Contract
Exhibit 4.2
FIRST SUPPLEMENTAL INDENTURE, dated as of February 2, 1994, by and among PROPERTY TRUST
OF AMERICA, a real estate investment trust organized under the laws of the State of Maryland having
its principal office at 0000 Xxxxxxxx Xxxx Xxxxx, Xx Xxxx, Xxxxx 00000 (hereinafter sometimes
called the “Company”), XXXXXX GUARANTY TRUST COMPANY OF NEW YORK, a banking corporation organized
under the laws of the State of New York having its principal corporate trust office at 00 Xxxx
Xxxxxx, Xxx Xxxx, Xxx Xxxx 00000, as Trustee under the Indenture (as hereinafter defined) (the
“Resigning Trustee”), and STATE STREET BANK AND TRUST COMPANY, a Massachusetts banking corporation
having its principal corporate trust office at 000 Xxxxxxxx Xxxxxx, Xxxxxx, Xxxxxxxxxxxxx 00000, as
successor Trustee under the Indenture (the “Successor Trustee”).
RECITALS OF THE COMPANY
The Company and the Resigning Trustee have heretofore entered into an Indenture dated as of
February 1, 1994 (hereinafter called the “Indenture”) between the Company and the Resigning
Trustee, providing for the issuance by the Company from time to time of its senior debt securities
evidencing its unsecured and unsubordinated indebtedness (the “Securities”).

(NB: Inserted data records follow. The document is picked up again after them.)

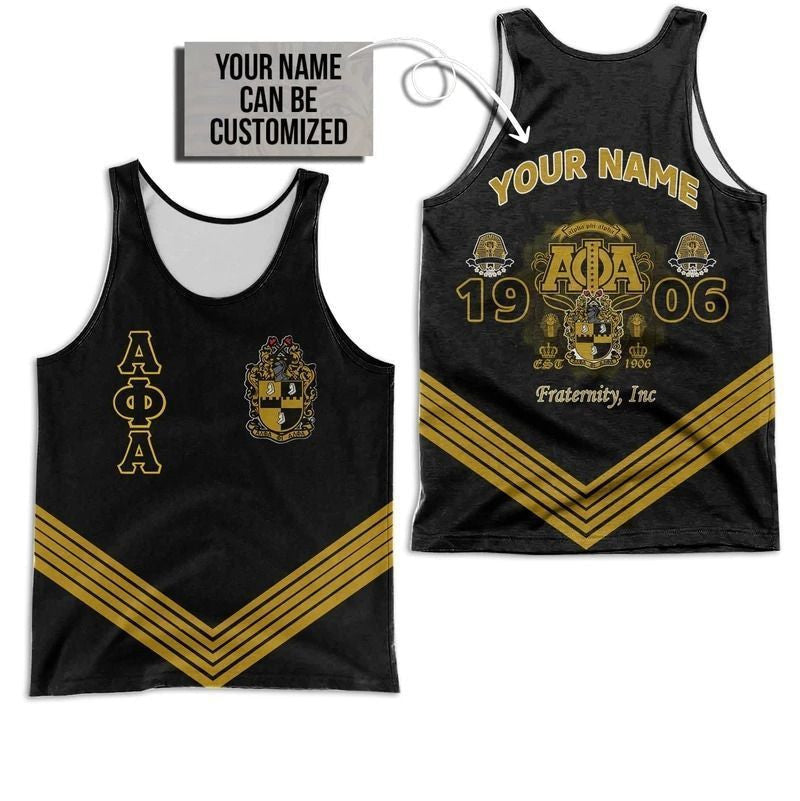 Wonderprint Tank Top  Personalized Pharaoh King Alpha Phi Alpha Tank Top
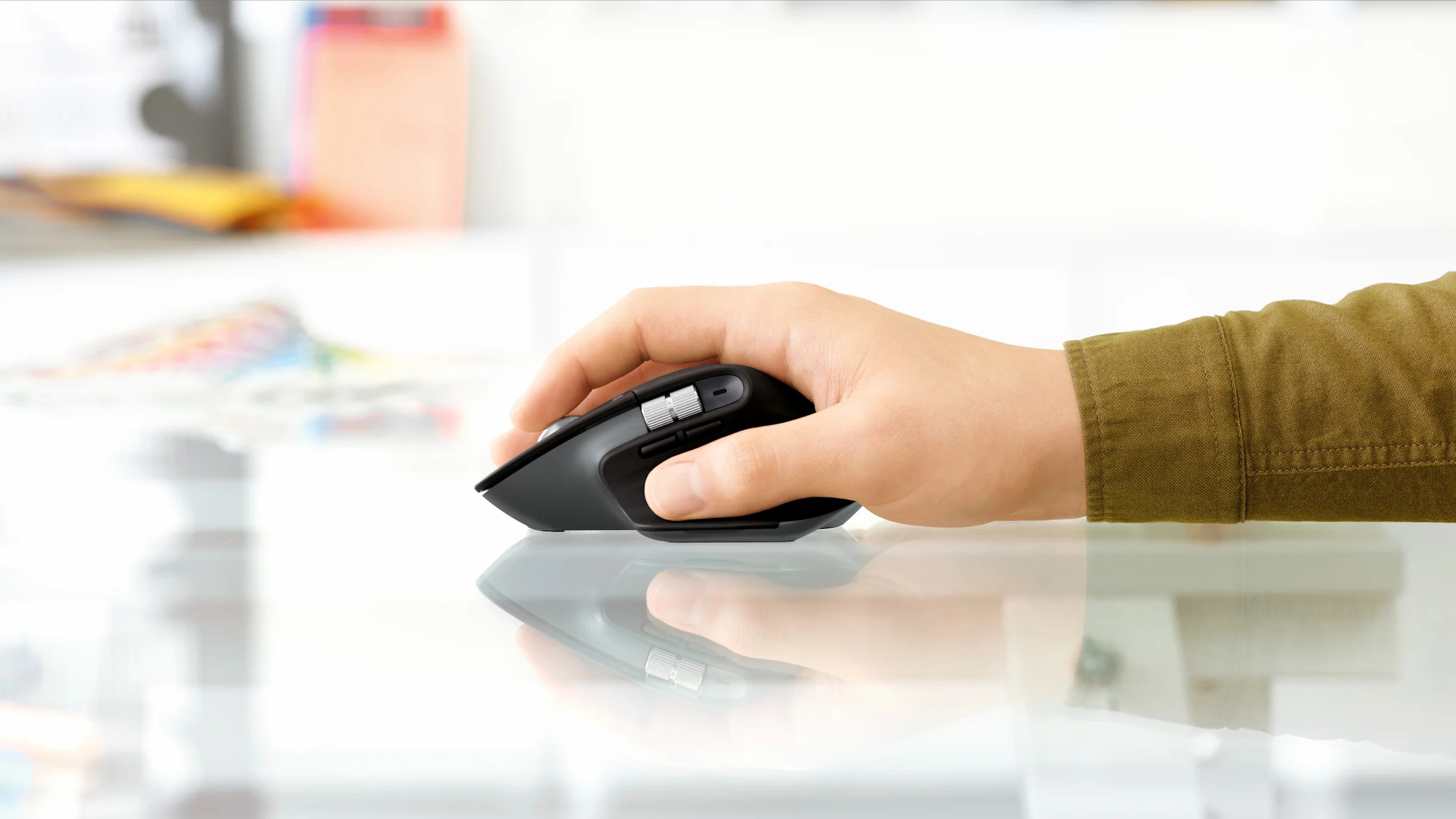 LOGITECH MX Master 3S Wireless Mouse, Black | Logitech| Image 9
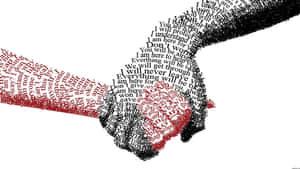 Humanitarian Hand Word Art Wallpaper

No Securities have been issued under the Indenture.
The Company desires to appoint the Successor Trustee to succeed the Resigning Trustee as
Trustee under the Indenture.
In accordance with Sections 901(8) and 901(9) of the Indenture, this First Supplemental
Indenture to the Indenture evidences and provides for the acceptance of appointment under the
Indenture by a successor Trustee with respect to the Securities and makes other changes to the
Indenture which do not adversely affect the interests of the Holders (as defined in the Indenture)
of Securities of any series.
All things necessary to make the Indenture, as hereby modified, a valid agreement of the
Company, in accordance with its terms, have been done.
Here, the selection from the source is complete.